Baby changes the brains of Mom and Dad

Jan 11 2012 - 12:29pm

Having a baby, so the cooing commercials say, changes everything.

While perhaps not changing everything, parenthood does set in motion an array of hormonal and even structural changes in the brains of Mom and Dad, in ways that researchers continue to try to understand.

Recent studies have made it clear that, contrary to the ditzy moments once dismissed as "mommy brain," mothers of newborns -- whether or not they already have kids -- tend to experience growth in key brain structures that influence motivation and maternal behavior.

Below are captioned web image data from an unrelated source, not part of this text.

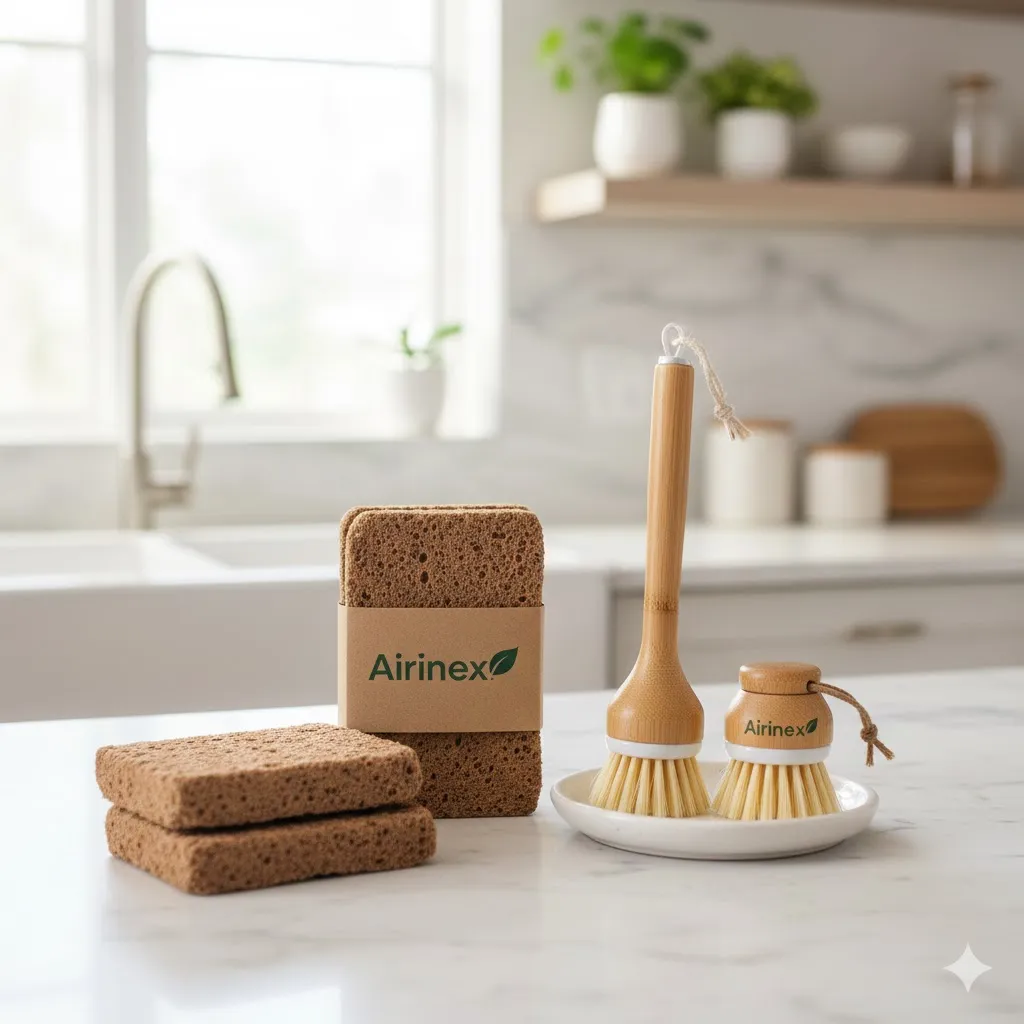 Airinex Coconut Sponges, Bamboo Dish Brush Sets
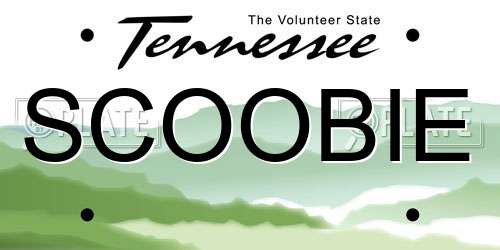 SCOOBIE Tennessee License Plate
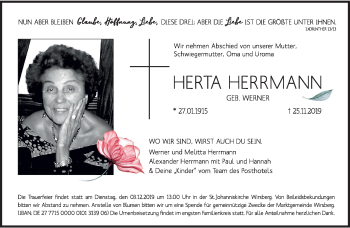 Traueranzeige von Herta Herrmann von Frankenpost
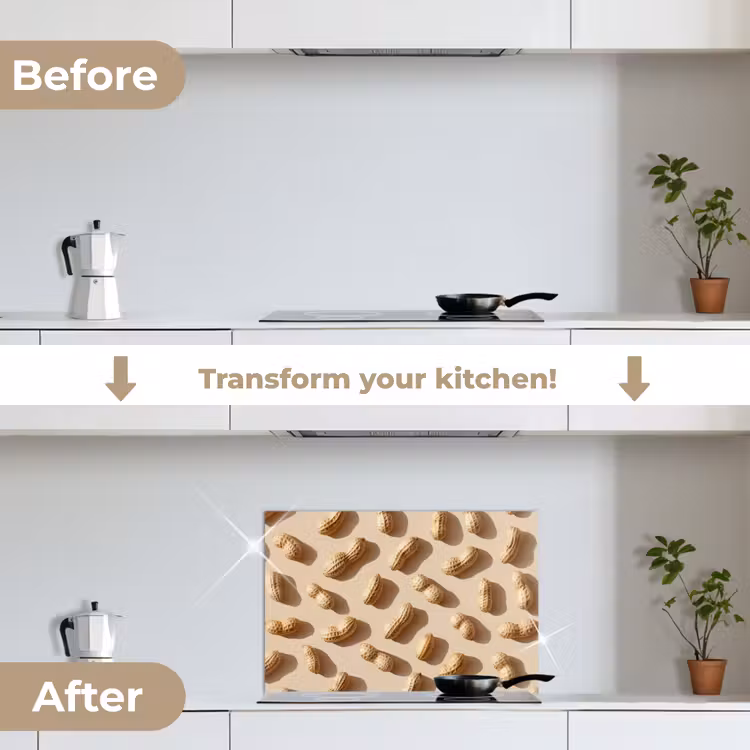 Kitchen splashback for hob - Peanuts - Pattern - Beige — 7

In a small study, neuroscientists compared the brain images of 19 Connecticut women taken a few weeks before and several months after they gave birth. They found a small but significant increase in the amount of gray matter in several areas: the hypothalamus, which supports maternal motivation; the substantia nigra and amygdala, which process emotions and rewards; the parietal lobe, source of sensory integration; and the prefrontal cortex, which makes judgments. None of these regions otherwise grow in adults, the researchers noted in the journal Behavioral Neuroscience in October 2010.

The researchers suggest that the surge in hormones -- prolactin, estrogen and oxytocin -- during and after birth may make mothers' brains more susceptible to such reshaping.

Many more maternal brain studies have involved animals. One reported in October from the Hebrew University of Jerusalem showed that mouse moms undergo neural changes integrating odors and sounds from their pups, particularly in a region called the primary auditory cortex. The changes were particularly strong in mice that were nursing their pups.

Another recent review of links between changes to the maternal brain done by Chapman University psychologist Laura Glynnn suggests that the restructuring actually begins early-on in pregnancy, through not only hormones, but also physical signals such as fetal movement that raise heart rate and skin conductivity, and even the movement of fetal cells from the womb into the mother's brain.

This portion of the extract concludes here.